23. Под смертью мы, что весьма характерно, понимаем исчезновение индивидов; и нас не утешают заверения, что материя не исчезает, просто с ней происходит определенная метаморфоза. Мы оплакиваем индивидуализирующую форму, а не обобщенное содержание. Но все, что мы видим, — это метафора смерти. Всякий предел, всякое измерение, всякий конец всякого пути — смерть. Даже смотреть — и то смерть: всегда есть точка, дальше которой мы видеть не можем, и там наше зрение умирает; всюду, где наступает предел наших возможностей, мы умираем.
24. Время — плоть и кровь смерти; смерть — не череп и не скелет, а часовой циферблат, солнце, летящее сквозь океан разреженного газа. Пока вы дочитали это предложение до конца, какая-то частица вас самого умерла.
25. Смерть и сама умирает. В каждый момент, который вы проживаете, она умирает. Смерть, где твое жало? где твоя победа?[6] Торжество над смертью утверждают живые, не мертвые.
26. Во всех странах, где уровень жизни не сводится к простому минимуму для ее поддержания, двадцатый век отмечен резким повышением интереса к жизненным удовольствиям. Дело не только в отмирании веры в загробную жизнь, но и в том, что смерть сегодня стала более реальной, более вероятной — теперь, когда есть водородная бомба.
27. Чем абсолютнее кажется смерть, тем подлиннее становится жизнь.

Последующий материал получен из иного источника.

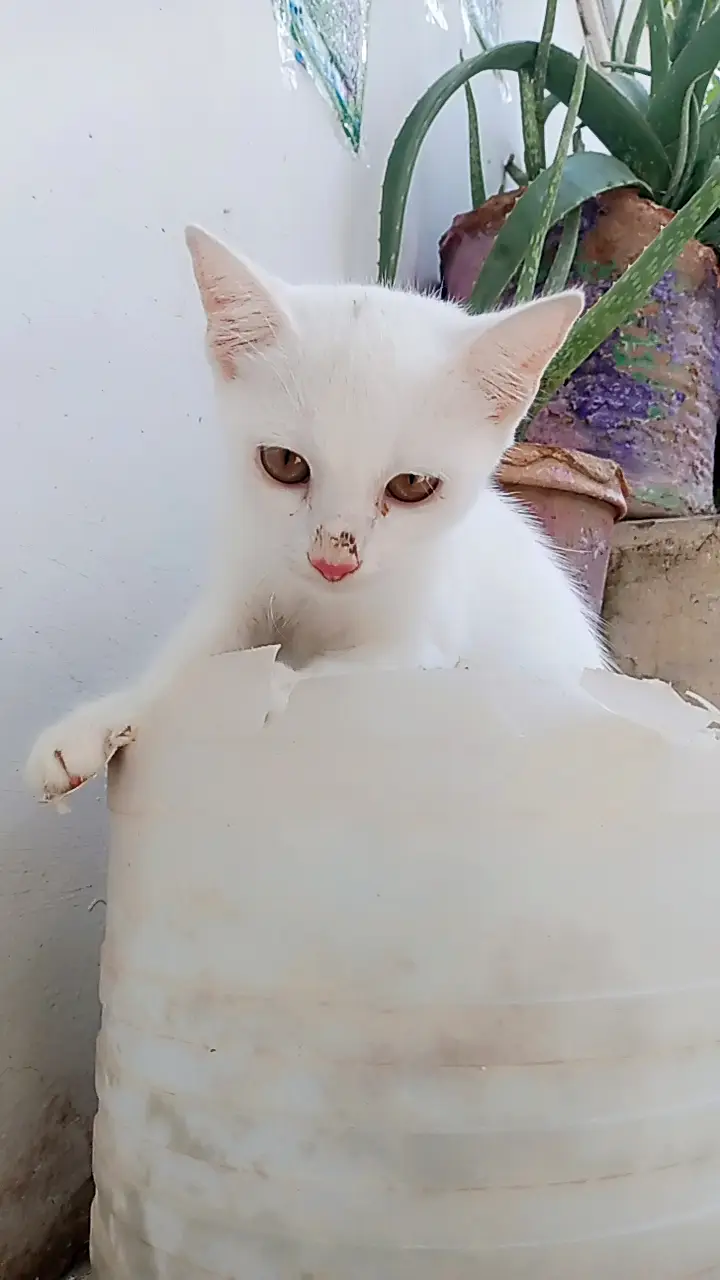 Two Female Persian kittens for sale — photo 4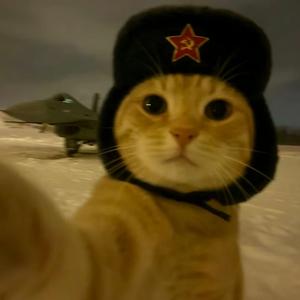 boyboyboybee（DJ阿柒 remix）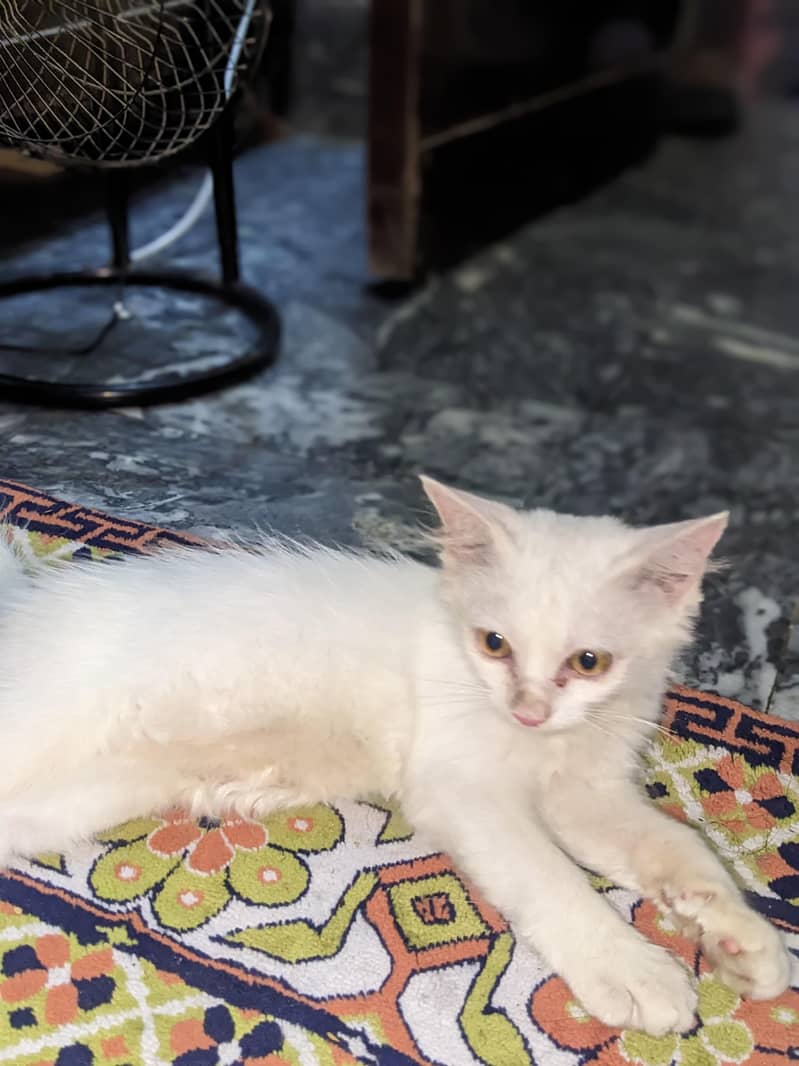 cat lovers 2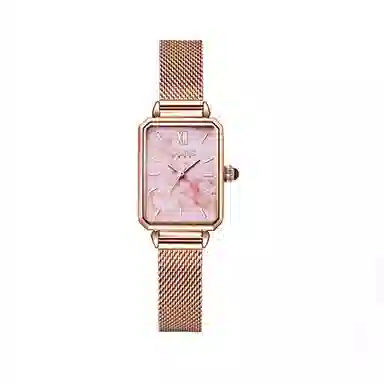 JULIUS JL JW1-267A
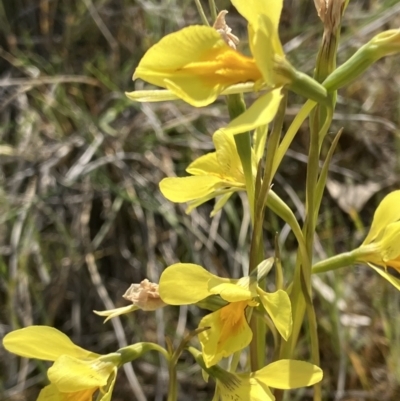 Diuris protena (Northern Golden Moth) at Fentons Creek, VIC - 24 Sep 2023 by KL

28. Все, что я знаю и люблю, может быть сожжено дотла за какой-то ничтожный час: Лондон, Нью-Йорк, Париж, Афины — все исчезнет в два счета. Я родился в 1926 году; но из-за того, что может сейчас произойти за десять секунд, с того года прошел не сорок один год — позади осталась целая неизмеримая эпоха, позади осталась наивность. Но я не сожалею об утраченной наивности. Я люблю жизнь не меньше, а больше.

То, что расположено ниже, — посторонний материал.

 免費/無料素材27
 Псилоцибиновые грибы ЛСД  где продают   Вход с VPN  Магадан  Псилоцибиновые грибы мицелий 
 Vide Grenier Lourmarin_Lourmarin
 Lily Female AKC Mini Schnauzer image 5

29. Смерть вмещает меня в себе, как меня вмещает в себе моя кожа. Без нее я не то, что я есть. Смерть— не зловещий проем, к которому я приближаюсь; это мой путь к нему.
30. Поскольку я мужчина, смерть моя жена; и сейчас она обнажена, она прекрасна, она ждет, что обнажусь и я, что возлюблю ее. Это необходимость, это любовь, это бытие-для-другого, ничего больше. Я не могу уйти от этой ситуации, не могу и не желаю. Она хочет, чтобы я соединился с ней, — хочет не как убийца самцов паучиха, чтобы сожрать меня, но как любящая жена, чтобы мы сообща радовались нашей полной и взаимной симпатии, чтобы плодились и размножались. Благодаря ее воздействию на меня и моему на нее и происходит все хорошее в продолжение моего бытия. Она не проститутка, не любовница, которой я стыжусь и которую хочу поскорее забыть или притвориться время от времени, что ее не существует вовсе. Как и моя жена в реальной жизни, она одухотворяет любую важную для меня жизненную ситуацию, она целиком внутри моей жизни — не где-то за, не перед, не напротив. Я принимаю ее полностью, во всех смыслах этого слова, и я люблю и уважаю ее за то, что она для меня значит.
31. Одним из следствий нашего нового осознания смерти должен был стать и стал тревожный размах как национального, так и индивидуального эгоизма — какая-то лихорадочная погоня за удовольствиями, будь то товары или ощущения, пока всё не прикрылось раз и навсегда. История, без сомнения, отметит, что эта погоня и точно была наиболее поразительным явлением третьей четверти нашего столетия: ведь не экономические условия спровоцировали нынешнюю неутолимую жажду тратить и наслаждаться, невзирая на историческую ситуацию, а вдруг, во всей ее наготе открывшаяся взору смерть: именно в этом причина экономических условий, девизом которых стал лозунг «Мы завтра все умрем».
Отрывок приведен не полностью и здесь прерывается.